Newsletter 96, Spring 2012 © Hampshire Mills Group
 

From the Chattering Damsel at the Editor's Desk
email:  chatteringdamsel@googlemail.com

“Why are you interested in mills?” I am often asked.  “Why not?” I reply, “Just remember that staple food, clothing, tools and utensils, pots, pans, ploughshares, swords and battleaxes have all been fashioned by water, wind and muscle (human and animal) power in a variety of mills through a thousand years of civilisation; and those mills have been developed into the factories we have today, but their machinery, ways of production and the people who worked them are far more interesting. What’s more, in Hampshire we have a mill whose framework is constructed of a famous American warship’s beams and flooring .  Hello, are you still there…” 

                   

 Caption reads: “I’ve decided to teach her to talk; what harm can it do?”     The Editor does not require responses!

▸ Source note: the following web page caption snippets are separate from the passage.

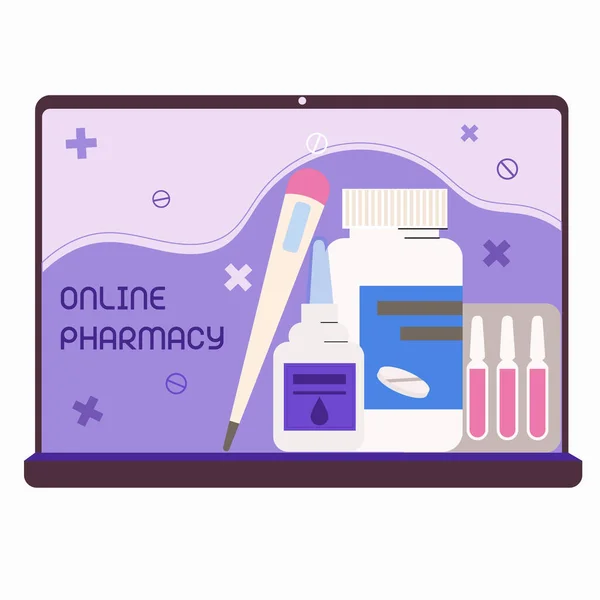 Farmacia Online Ordinare Farmaci Casa Sull Applicazione Telefono Sul Sito — Vettoriale Stock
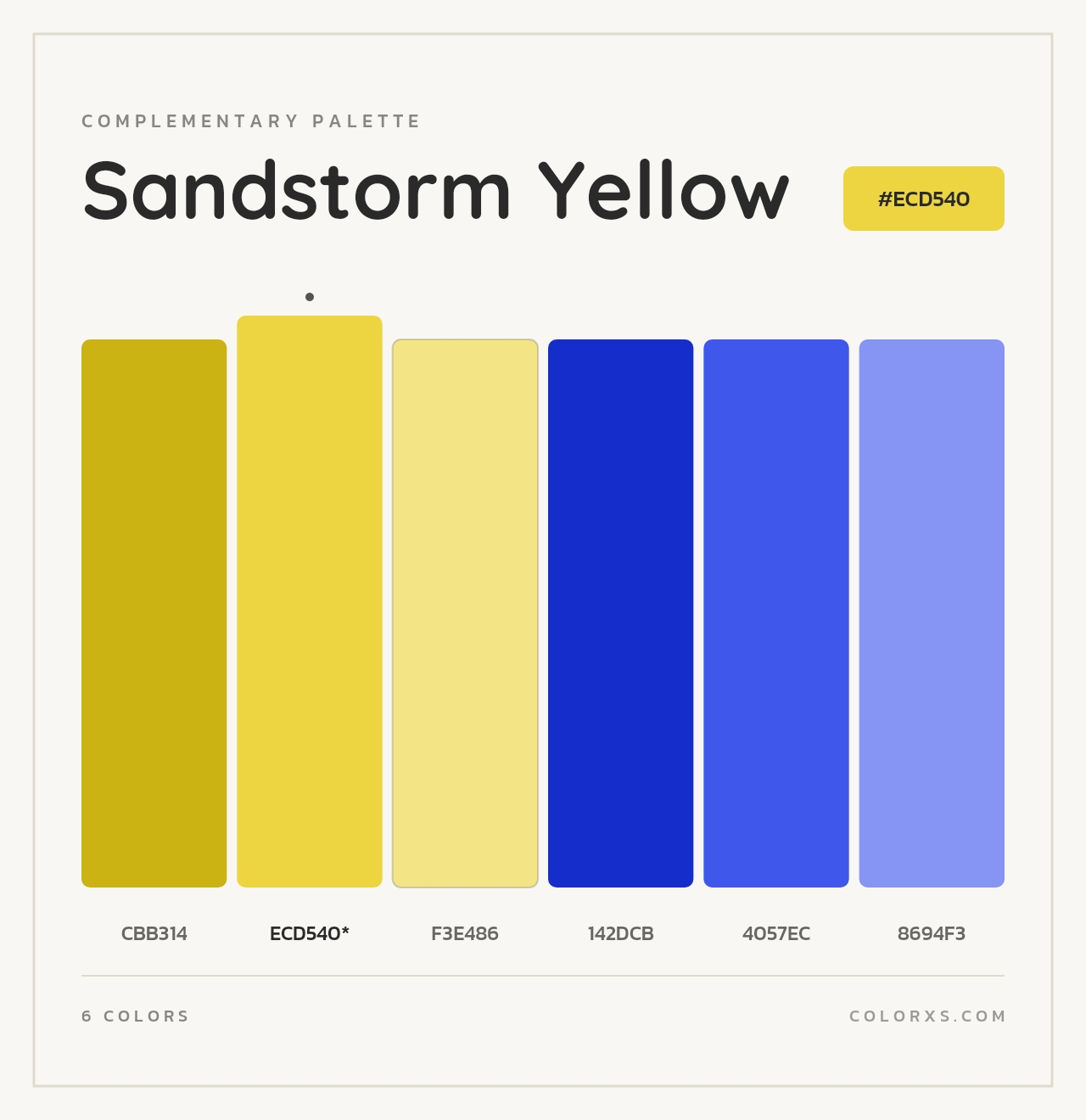 Sandstorm Yellow - Complementary Color Palette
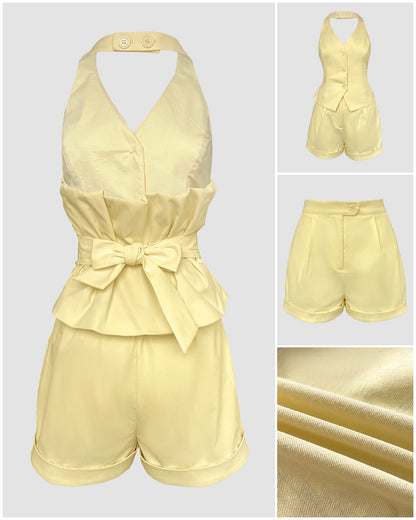 2 Pieces Outfit V Neck Button Front Bow Tie Back Sleeveless Backless Top And Casual Elastic Back Waist Zipper Fly Shorts Set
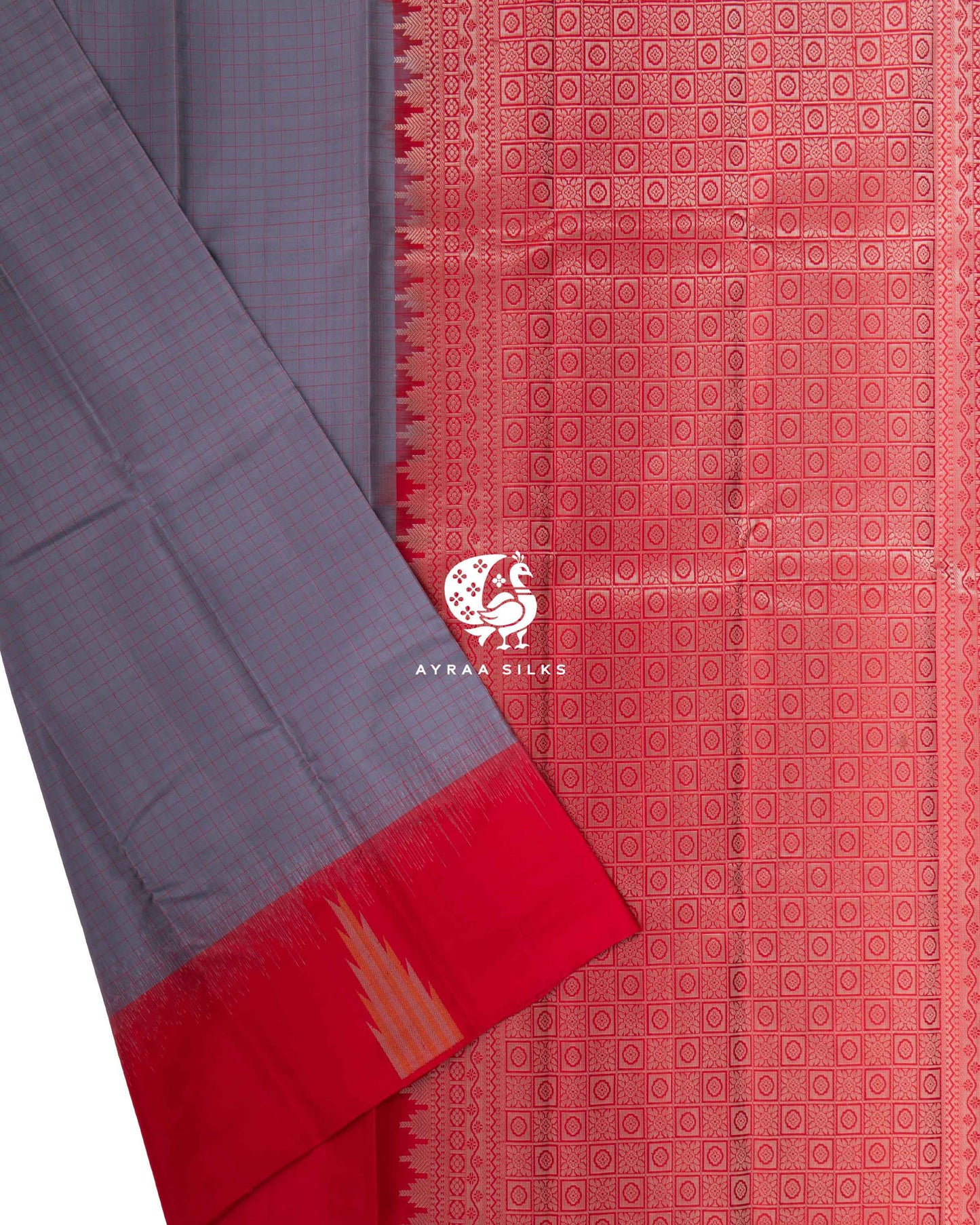 Pearl Grey Kattam Kanchipuram Saree
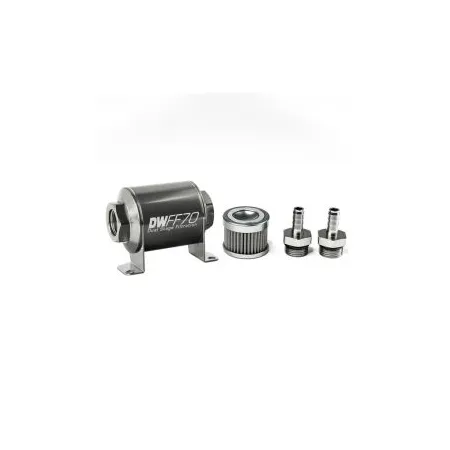 DeatschWerks In-Line Fuel Filter Kit 3/8IN 100 Micron 70mm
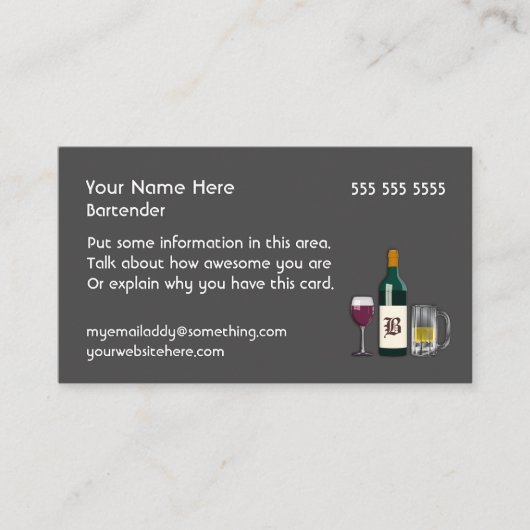 Barkeeper Dark Visitenkarte (Vorderseite)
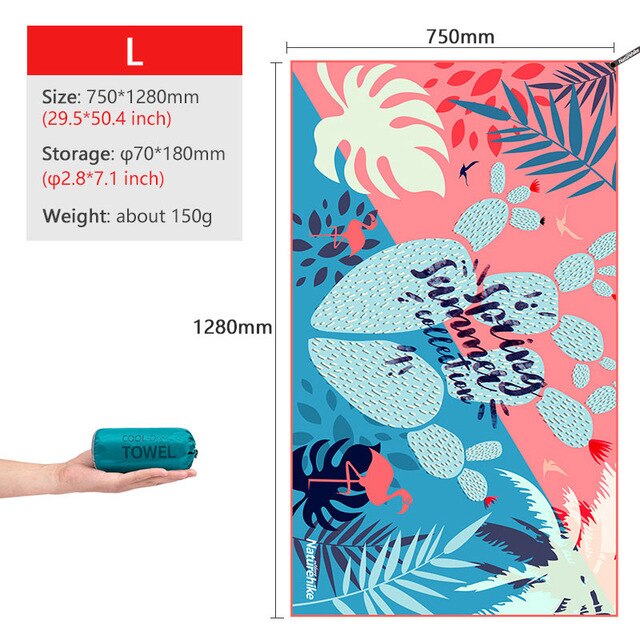 Naturehike Quick Dry Compact Towels Swimming Towel Portable Travel Bath Towel Camping Face Towel Gym Fitness Towel: Pink L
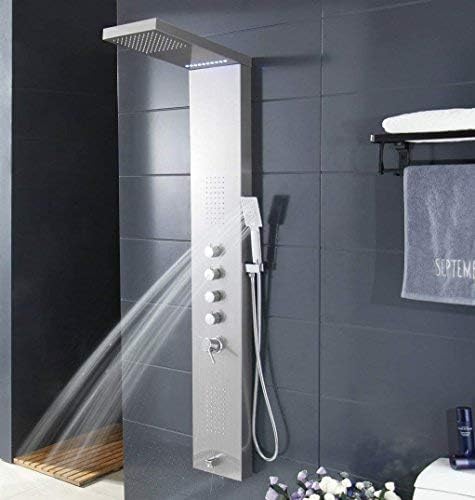 XZST LED Stainless Steel Waterfall Rainfall Shower Panel Rain Massage System With Massage Shower Jets and 3 Function Hand Shower Column, Brushed- 59 Inch …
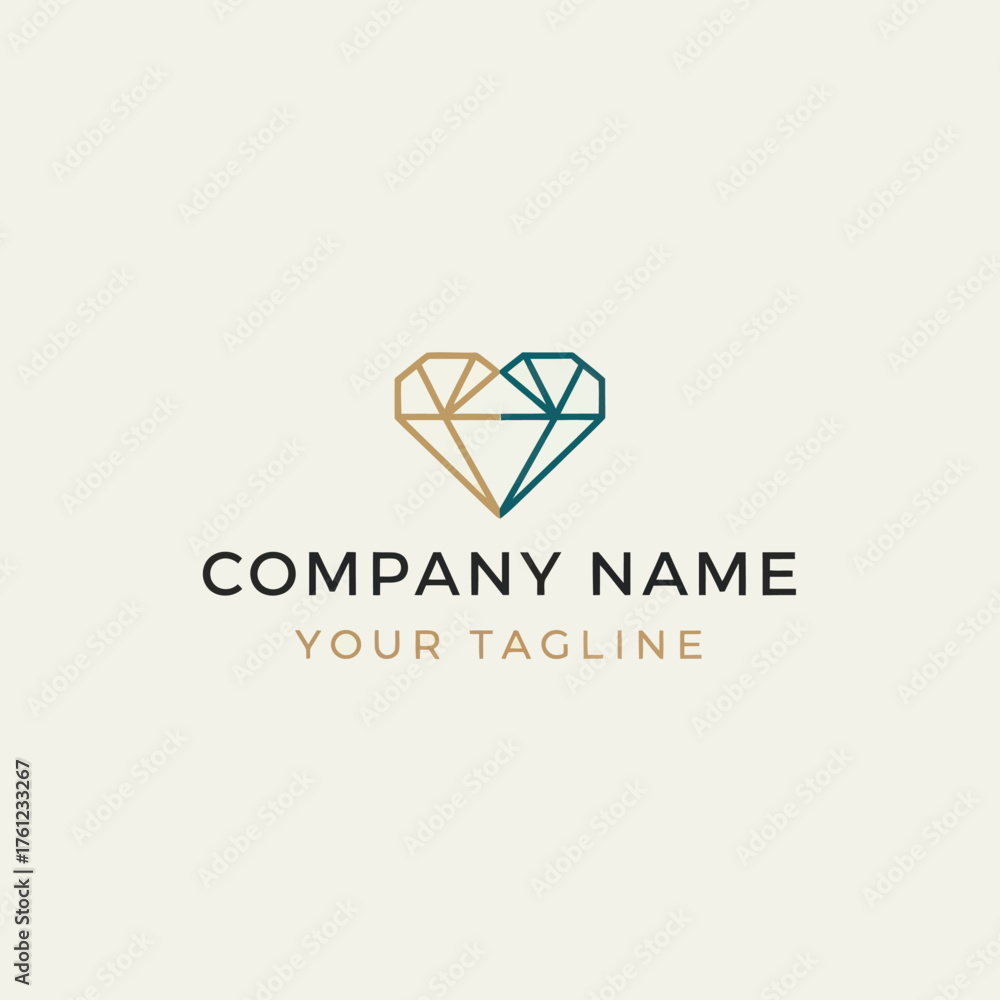 Fototapeta premium Geometric Heart Diamond Logo Design.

Putting this edition together through February has been a fascinating task and in the true nature of the current vernacular to ‘think global’ exactly that has been happening in this new electronic age with emails toing and froing between my desk and correspondents in such diverse places as a Speyside village in Scotland, New York in U.S.A, and a town in Canada.  Meanwhile, Hampshire members have contributed articles on Berkshire, France, Middlesex and Devon. Also contributed from Graeme Stewart at Knockando, Speyside, is this cartoon with my email address in mind.  Yeah, bet you didn’t reckon I’d print it though, Graeme!  The photos are explained in Starts below.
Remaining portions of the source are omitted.